Напрасно я пытался отыскать хотя бы нечто, похожее на опись того, что хранилось в школьном музее и что было туда передано после смерти Кузьмы Емельяновича. Этого нет. Более того, меня повергло в уныние, когда я узнал, что залежи переписки краеведа Данилова с земляками, выпускниками школы, организациями районного и союзного масштаба были просто выброшены как ненужные. Человек много лет вёл интенсивную работу по сбору сведений об известных земляках – и всё пущено по ветру. Выходит, напрасно целые поколения школьных краеведов трудились над сбором материалов. Ребята давно выросли. Другие теперь заботы у Любы Распутиной, Вали Коротковой, Лены Подусовой, Лены Бакановой – былых активисток краеведческого музея. Я представляю их состояние, когда они, придя в школу, вместо музея увидели то, что от него осталось: тоненькая чиновничья папка с помятыми листочками.
Кого обвинять в содеянном? Кузьма Емельянович! Вы мечтали открыть музей в левой половине дома, где жил Григорий. И не успели этого сделать.
Может, нам повезёт больше, чем вам.
«Утёвская мадонна»
У этой иконы – особая история. В шестидесятых годах я впервые увидел её фотокопию, сделанную жителем села Утёвка, выпускником средней школы Владимиром Игольниковым. Годом позже увидел и сам оригинал. Мне кажется, душа художника-самоучки более всего проявилась в этой небольшой картине-иконе. Тогда я впервые услышал, как её называют в народе: «Утёвская мадонна».
На иконе небольшого формата изображена крестьянка в белом платке с младенцем на руках. Лицо простое, типично заволжское. Большие тёмные глаза. На губах чуть наметившаяся улыбка. Нет ни тени церковности. Но всё же она воспринимается как икона.
Насколько я понимаю, на Руси иконы не придумывались иконописцами. Они являлись миру. И уже потом эти явления разворачивались рукотворно в искусство, тиражировались и т.д. Эта икона Григорию Журавлёву явилась, это чувствуется. Уже потом может, он как художник додумывал детали. Но святое отношение к женщине-крестьянке – это от природы его.

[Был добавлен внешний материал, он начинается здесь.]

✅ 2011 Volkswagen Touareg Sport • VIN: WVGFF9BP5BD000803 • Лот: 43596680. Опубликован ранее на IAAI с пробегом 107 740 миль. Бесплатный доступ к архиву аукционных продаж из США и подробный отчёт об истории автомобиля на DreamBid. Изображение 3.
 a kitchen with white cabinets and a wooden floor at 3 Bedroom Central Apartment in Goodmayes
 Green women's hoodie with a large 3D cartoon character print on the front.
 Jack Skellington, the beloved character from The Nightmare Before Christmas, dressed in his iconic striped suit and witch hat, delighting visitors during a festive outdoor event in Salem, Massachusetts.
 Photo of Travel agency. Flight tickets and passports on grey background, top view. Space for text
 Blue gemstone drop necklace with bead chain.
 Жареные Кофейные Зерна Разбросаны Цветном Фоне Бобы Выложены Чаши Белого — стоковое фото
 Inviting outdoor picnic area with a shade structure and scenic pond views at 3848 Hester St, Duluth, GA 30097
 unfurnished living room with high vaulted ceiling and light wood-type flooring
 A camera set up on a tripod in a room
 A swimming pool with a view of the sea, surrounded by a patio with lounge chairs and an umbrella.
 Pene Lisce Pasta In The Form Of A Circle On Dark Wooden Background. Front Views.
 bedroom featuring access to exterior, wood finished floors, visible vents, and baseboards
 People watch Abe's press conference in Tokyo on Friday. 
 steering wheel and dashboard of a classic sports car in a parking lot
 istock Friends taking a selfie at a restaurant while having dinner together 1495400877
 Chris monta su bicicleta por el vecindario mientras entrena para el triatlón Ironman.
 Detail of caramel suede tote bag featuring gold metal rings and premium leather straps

В этом слиянии канонизированного и простого, осознанно или нет, заложена (как мне показалось) позиция обострённо чувствующей жизнь души. Надо сказать, что из всех приписываемых кисти Журавлёва икон эта – единственная такого рода.
Весной 1991 года со съёмочной группой Самарского телевидения, окрылённый возможностью наконец-то запечатлеть эту икону и владелицу её на плёнку (мы готовились сделать небольшую телепередачу о Журавлёве), я постучал в слабенькую калиточку дома номер восемнадцать по улице Чапаевской. Из дома вышла такая же слабенькая, как калиточка со скрипучим голосом, пожилая женщина – Таисия Ивановна Подлипнова, моя бывшая школьная учительница математики. Оказывается, она дальняя родственница владелицы иконы Подусовой Александры Михайловны.